A pesar de que siguen sin ser geniales, se nota bastante como mejora todo a medida que pasan los issues.
Me gustó la evolución en los poderes de Sue, los nuevos límites de sus poderes la hacen mucho más valiosa para el equipo y aunque todavía está el eventual secuestro, participa mucho más en las peleas.
Siento también que el arte de Kirby está mejorando y es algo que está copado ver.
Creo que lo más interesante de estos comics no son tanto los villanos en si, sino las dinámicas familiares que se pueden encontrar y como de a poco exploran cada vez más cosas del universo.
Some more Silver Age stories that are all at least moderately entertaining. The best of the bunch are Issues #25 and #26 containing the first big brawl between The Hulk and The Thing. The conflict is phenomenally rendered, with each monstrous figure landing impressive blows on their opponent. The battle is so intense that it fills up two issues - the first time in Fantastic Four history that such a cliffhanger was utilized. It feels momentous, a choice that will change this medium of storytelling forever.
Getting caught up with foru volumes - way too many firsts to go into detail, but these stories are terrific. Okay, the awkward bits, like Reed telling Sue that she's "only" a female, don't age that well, but seeing the entire cosmology of the FF established, and develop (naturally and organically) is powerful stuff. The plot are adventurous and fun, and the character work still better than most superhero comics today.

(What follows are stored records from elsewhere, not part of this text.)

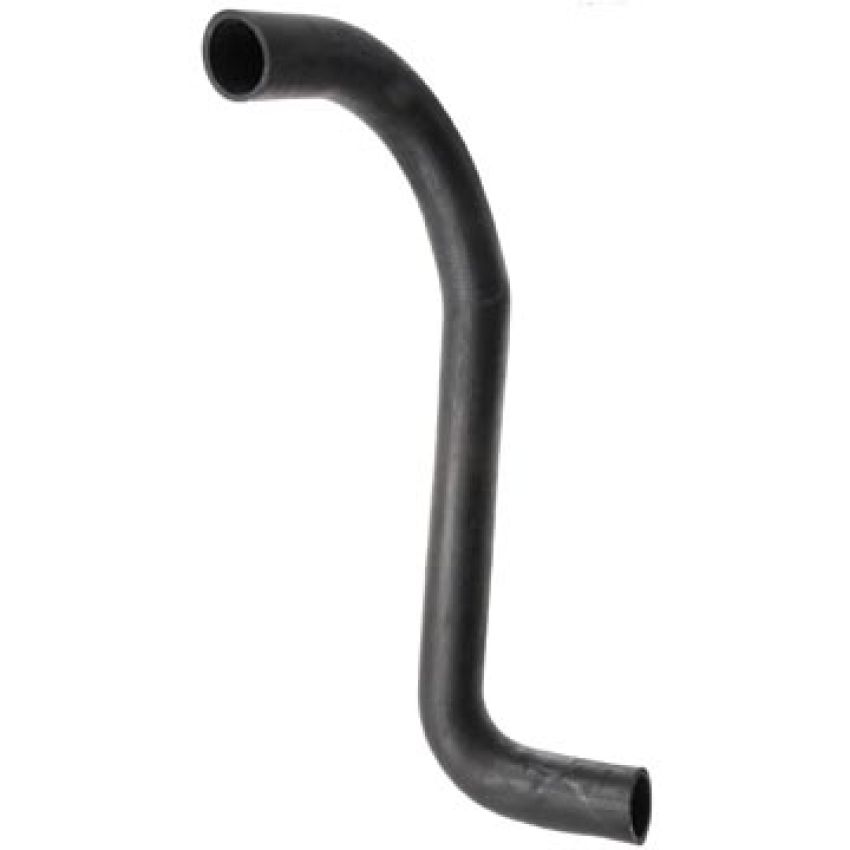 Dayco 71566 Radiator Hose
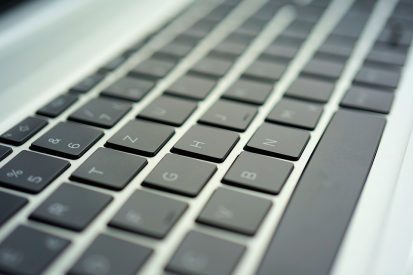 internet computer dfinity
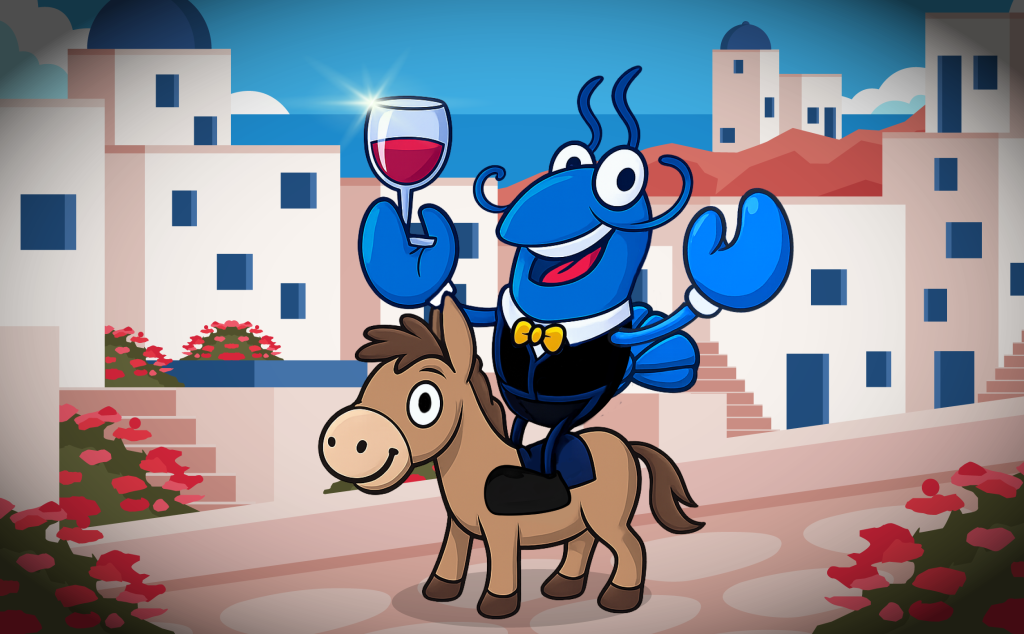 yabby casino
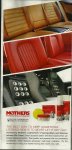 Mother's Ad Motor Trend May 2013.jpg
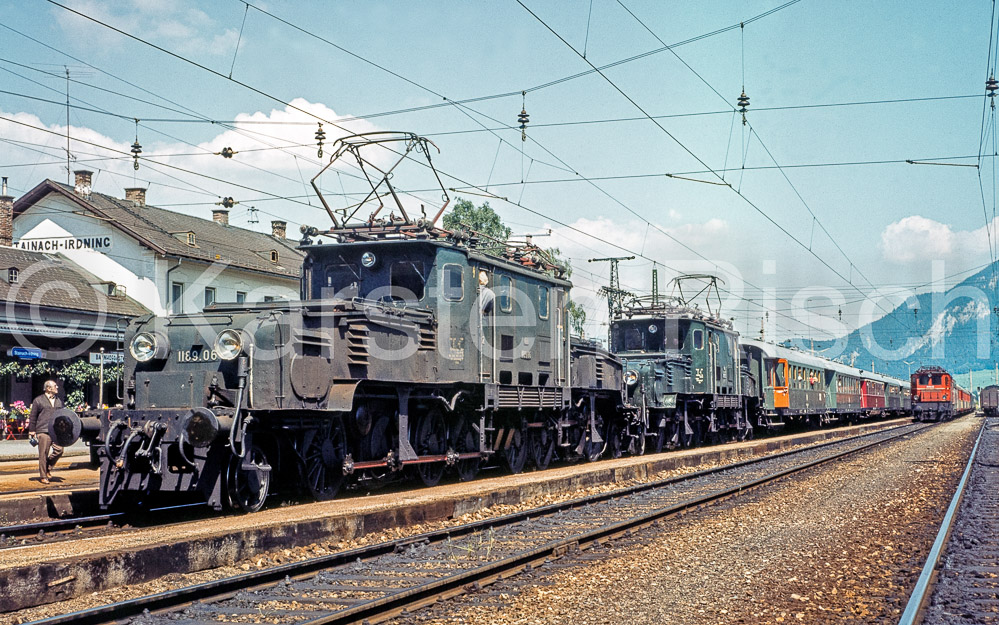 250 80,4 - 1987_KR80180-Bearbeitet
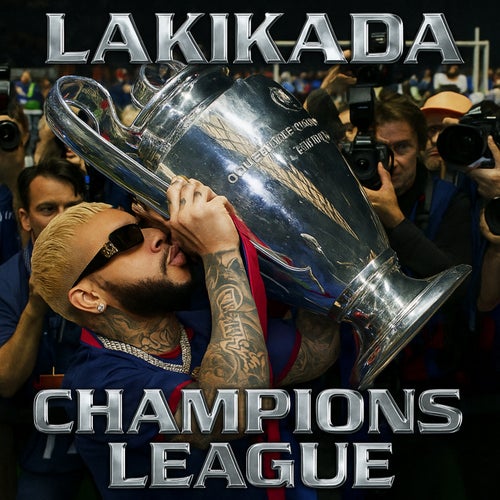Champions League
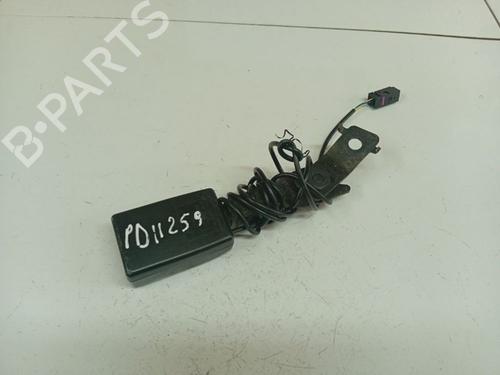Used Seat buckle Seat buckle 38641600 38641600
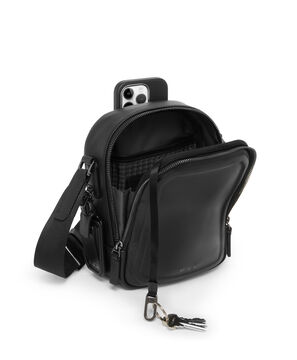 HARRISON Macri Crossbody Small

Sue Storm manages to develop new powers as she's able to project force fields, making her just a tad bit more valuable to the team. Reed Richards continues to be the galaxy's biggest asshat. Seriously, why did they write him that way? Numerous cameos are made in this collection, including Car 54 Where Are You? (Did anyone else catch that? Does anyone else know what I'm talking about?), the Incredible Hulk, the Avengers, the X-Men and the Sub Mariner.
Lee and Kirby's Fantastic Four is always imaginative and worth reading, but this volume stands out for including the FF's portion of arguably Marvel's first crossover event, though it wasn't heralded that way. It's a sprawling story around the Fantastic Four, the fledgling Avengers, and even the mysterious, new team known as the X-Men as they try to figure out what to do with each other as well as the random destructiveness of the Hulk and Sub-Mariner. And it's quite good.
Lee and Kirby have upped their game here compared to the series of issues in the last volume. The art is slightly upgraded as is the page layout. The stories are a bit more entertaining as the series is slowly developing its identity. This volume was not a waste of time, but it still suffers from overly descriptive text (it were the times, I know) and shoddy story-telling.
I am glad Sue got more powers. Her characterisation still has a lot to be desired, but power-wise she now feels like an integral part of the team.
Best issue: 29 (Despite the Moon's atmosphere switching between having and not having oxygen at the end, this issue was the most fun. The Red Ghost and his apes are a delight.) Worst issue: 22 (The issue 21 could have gone here, but that one is at conceptually goofy, especially with the twist at the end. The issue 22 was just a chore.)